その生徒は実は授業のスタートから調子がよく、自分の表現に高まりを感じ、たいへん喜んでいましたが、壁にぶつかってしまったので、くやしさのあまり涙が出て来たのでした。
制作過程での相互評価の場面で、となりの席同士でアドバイスをしあっていました。涙ぐんでいる生徒にとなりの席の生徒が、その生徒を励ましているのです「だいじょうぶだって!今まで描いてきたんだから」「私の絵よりずっといいしょ」。
そのうち、同じ班の生徒も絵を見ながら、どこでつまづいているのかを分析しはじめました。
彼は「そうか!」と言って、笑顔になりました。
 あっ!これだな。求めていたものは。そう思いました。これは学級経営の力によることが大きいと思います。その力が。相互評価の場面で生きたのでした。
これがもっとも高まった事例ですが、生徒から非常に素晴らしい体験をさせてもらいました。
具体的には次のようにしています。
★1年生(前半)
 入学してはじめての「相互評価」場面は「レタリング」の授業。
・相互評価を取り入れるのは、レタリングの授業からです。できている、できていないが明確だからです。
ここでのねらいは、相互評価は、自分にとっても相手にとっても有効だと思ってもらうことと、相互評価のスタイルを身につけることです。
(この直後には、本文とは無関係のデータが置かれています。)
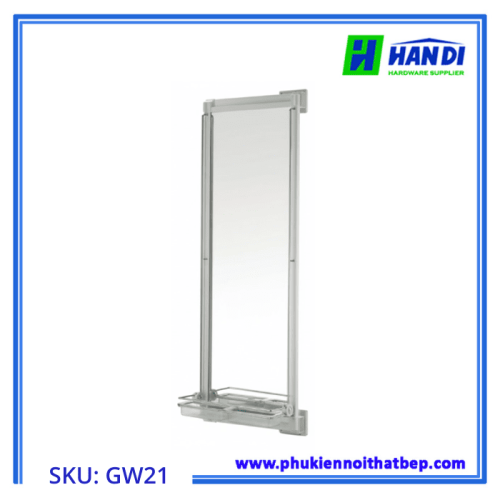Giá gương treo âm tủ khung thép GARIS GW21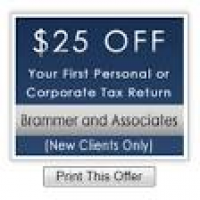 Brammer & Associates - Tax Services - 612 Lafayette Blvd ...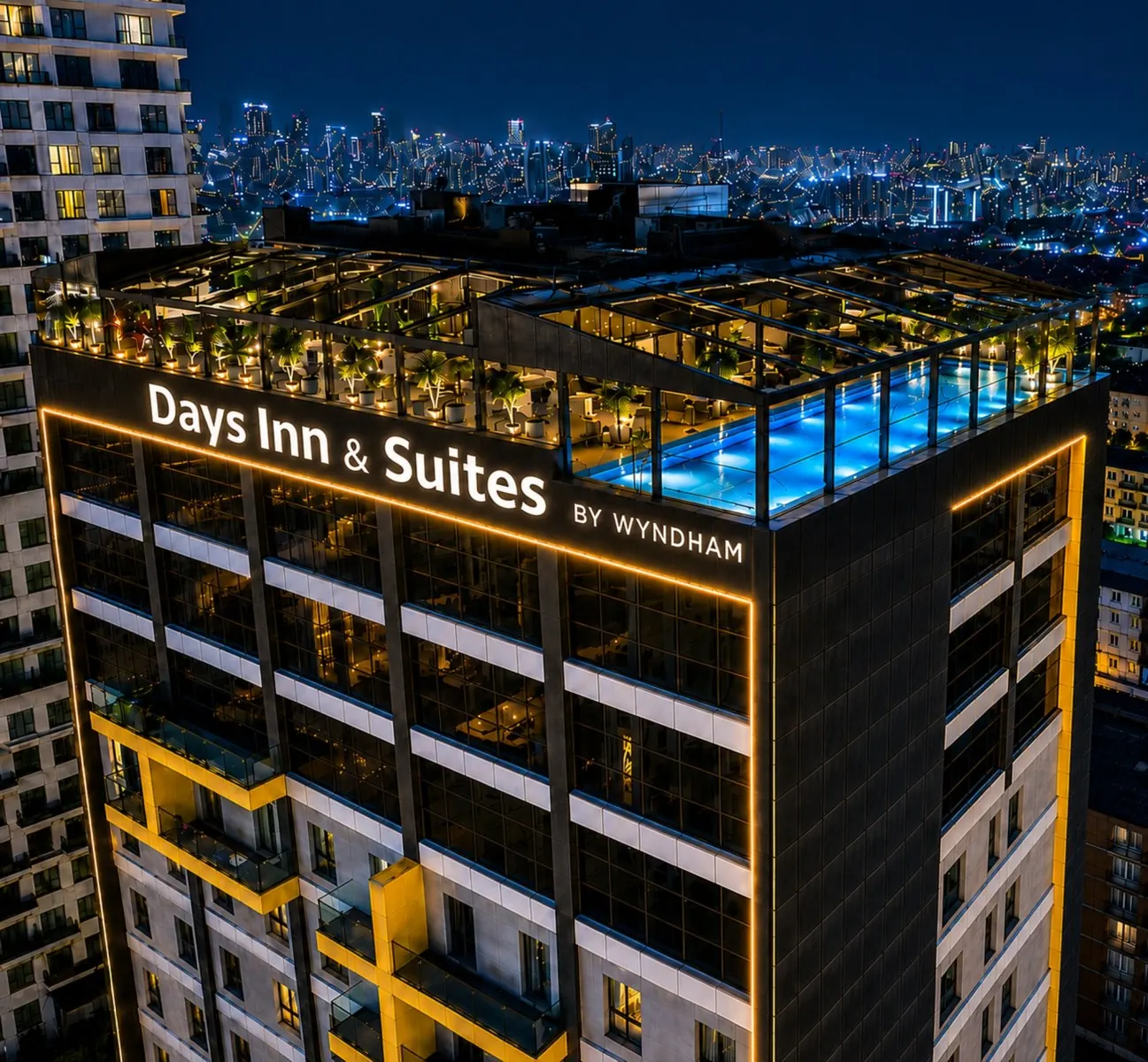 Days Inn & Suites — Sosyal medya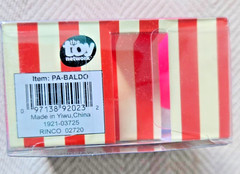 Rhode Island Novelty 2.5 Inch 2-Stretchy Balloon Dog (1 Pink & 1 Yellow) NIB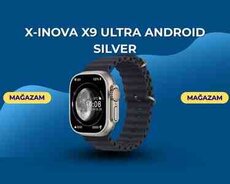 X-inova X9 Ultra Android silver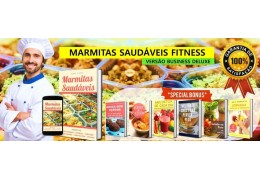 Curso De Marmitas Fitness Saudáveis Versão Deluxe Online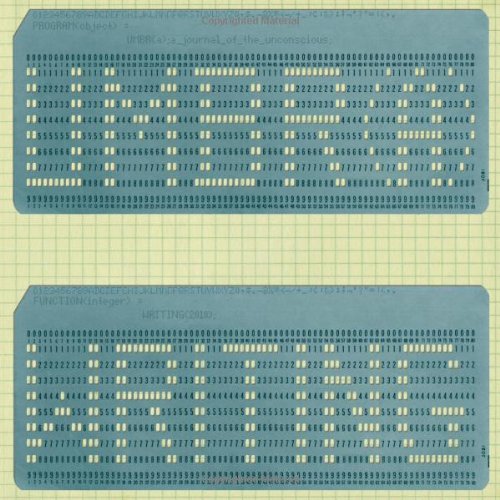Umbr(a): Writing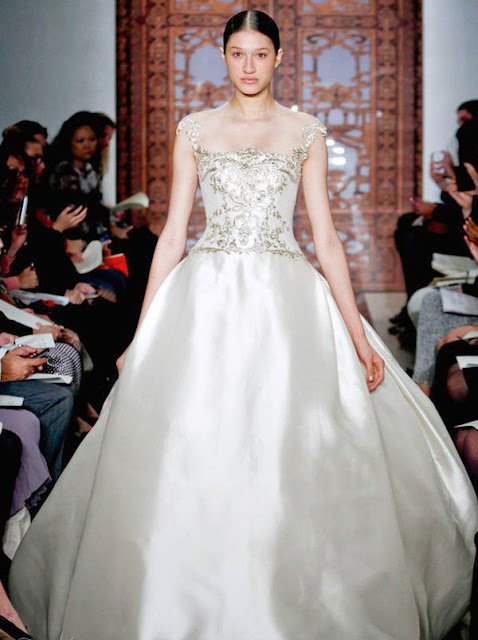Fall Wedding Dresses 2013 From Reem Acra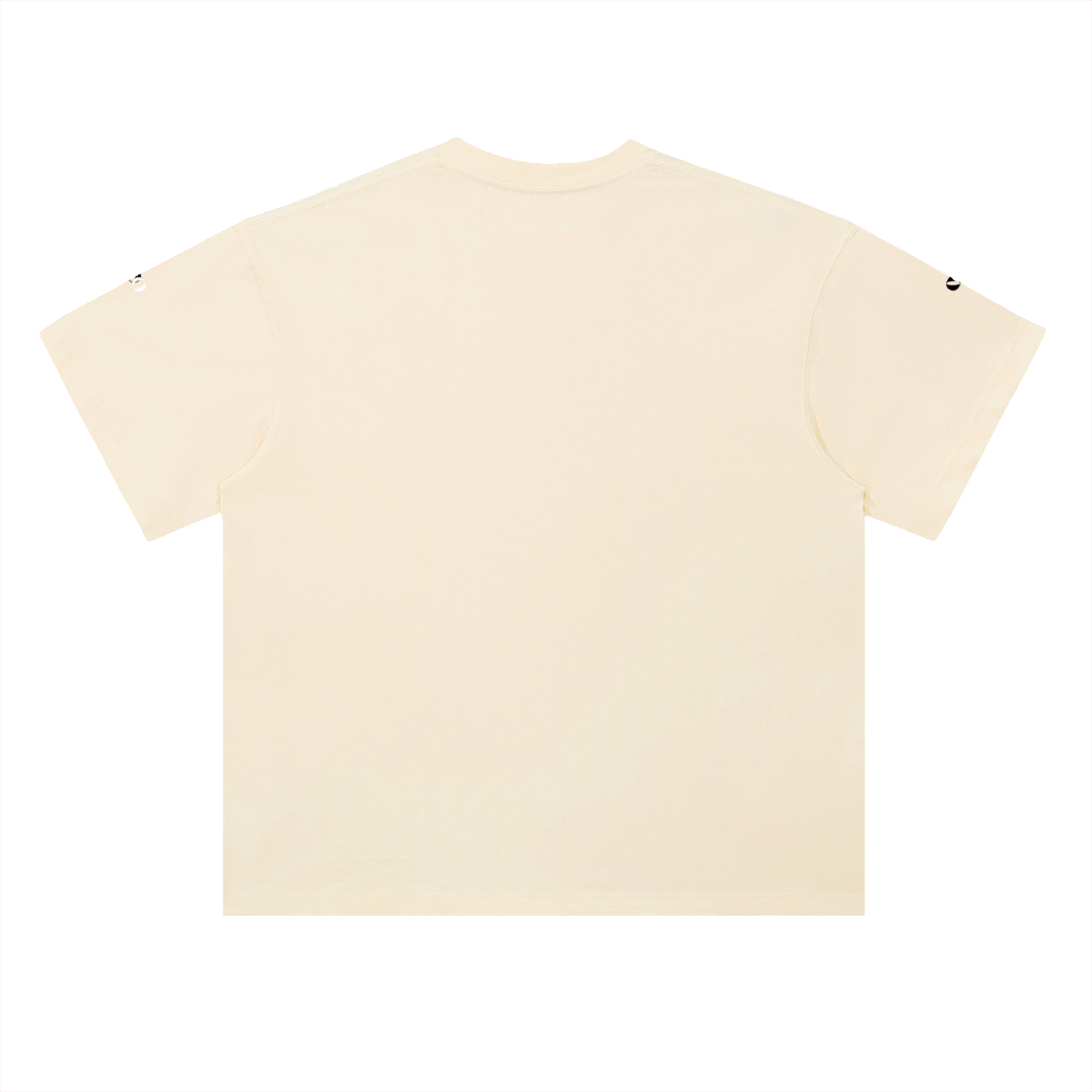 Wilomina Signature Tee -- Crème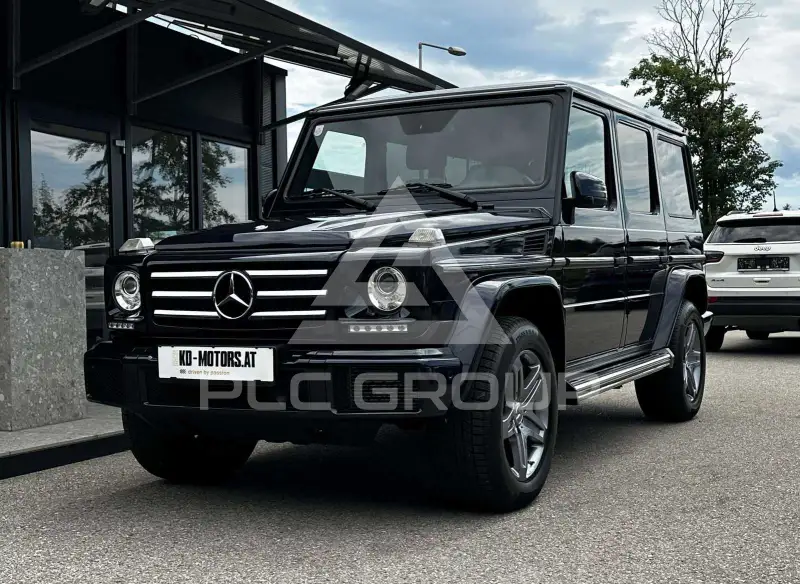 2017 Mercedes Benz G 500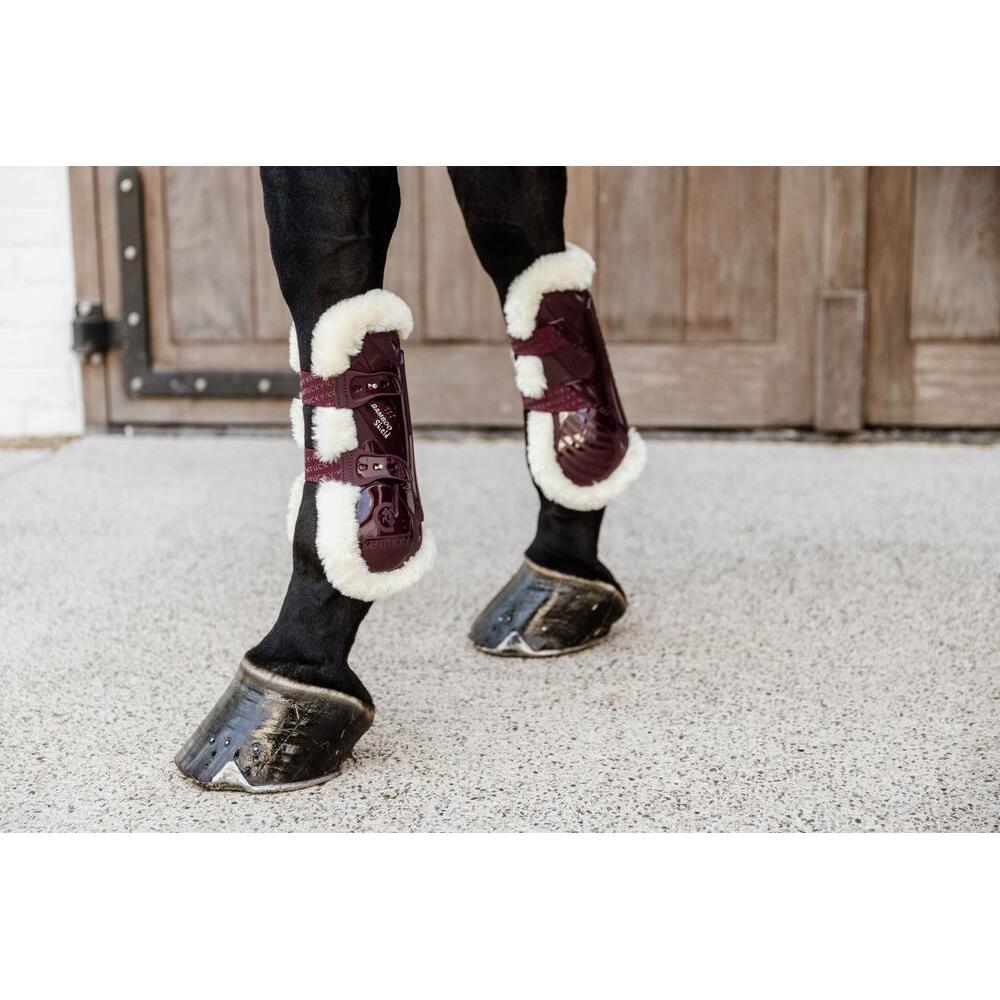 Vegan schaapsvacht paardenlaarzen Kentucky Bamboo Elastic 5/6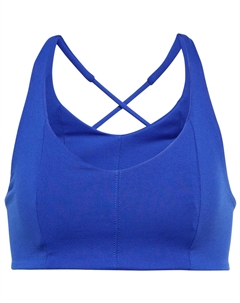 Корсетный спортивный бюстгальтер, Blue Hour Live the process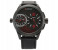 Curren 8249 Business Quartz Watch For Men Black And Red 1 in OMAN
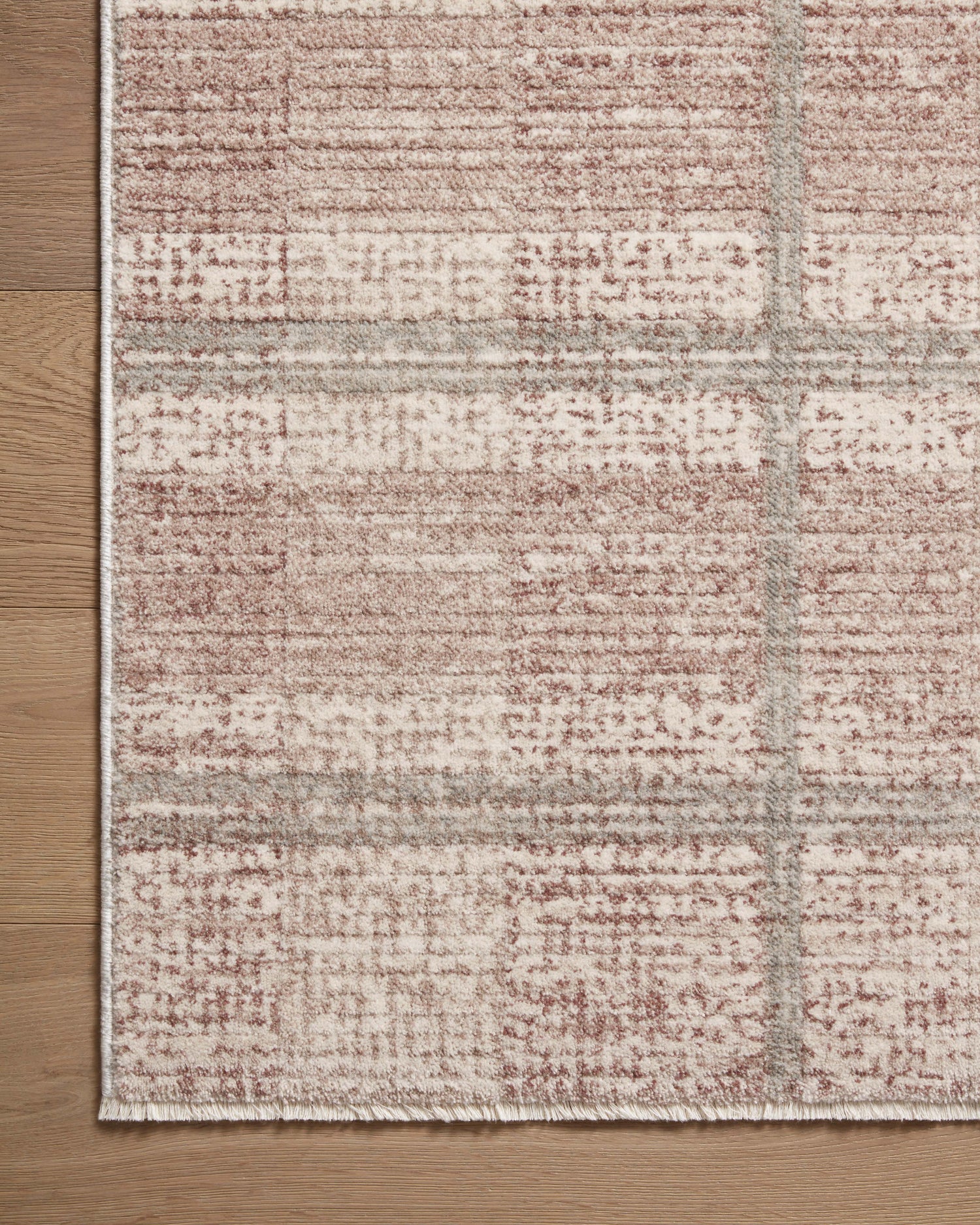 Ember Rug 06 | Clay / Mist
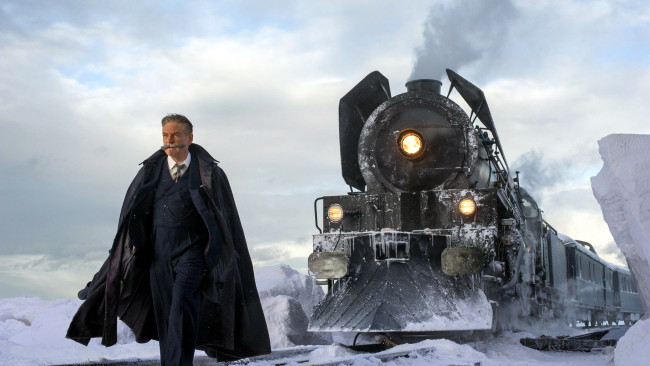 Обои картинки фото кино фильмы, murder on the orient express , 2017, kenneth, branagh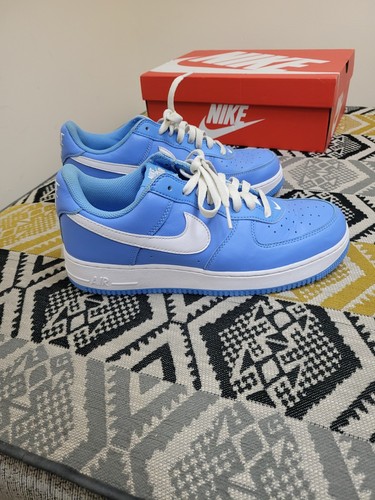 EUC Herren Nike Air Force 1 Low Since 82 Anniversary Edition 9.5 University Blue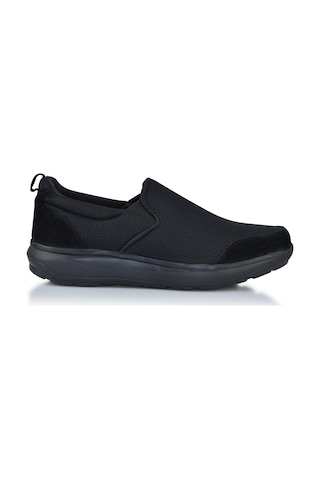 Dr.Comfort Rocker Bottom Ortopedik Deri Erkek Spor Ayakkabı Siyah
・「先生一人でアドバイスは限界があります。どんなに頑張っても一人1分でしょ。
先生がバルタン星人みたいになって分身して全員にアドバイスできたらいいんだけどね。
 でもこれを生徒どうしでやったら、1分どころかもっとできるでしょ。
見ることなら誰でもできるできるし。自分では気がつかな事を発見できることもあるし。」
というように相互評価の有用感を生徒にもってもらうようにします。
あわせてこれまで相互評価で高まってきた具体例も紹介します。
・「先生のアドバイスは、短時間だからくわしくはない、それから見方だってどうしても先生のクセも出てくるかもしれない。そういうことからも生徒同士でのアドバイスは有効なんだよね」
・隣同士作品を交換しあって、どこを直したらもっとよくなるかをアドバイス。
・作品の見方を教えています。これをレタリングのアドバスの時の視点とさせます。
  → 1、離れて見る 2、地(背景)を見る 3、逆さにして見る 
(以後の授業でもこの見方を応用発展させていきます。例えばレタリングで学んだ力が彫刻に生きたりします)
  
・アドバイスがたくさんある場合は、真っ先に直すとしたらどこかを一つ。
(いくら本人のためとはいえ、たくさん言われたら腹がたつし、落ち込むよね)
・アドバイスしたことを直すかどうかは、本人が決める。
(人から言われて直すのはいやですから。自己決定を大事にしたい。)
・アドバイスできない生徒がいたら、具体的に私のアドバイス例を見せます。
・相互評価が終わったあと、また制作を続けますが、授業のあと、アドバイスですごく変わったという喜びの声を取り上げます。いい雰囲気になります。
・相互評価の場面でとなり同士の人間関係からぎこちないところも出て来たりしますが、そんなときは、私が中に入ってアドバイスを進めます。(通訳のような感じでしょうか)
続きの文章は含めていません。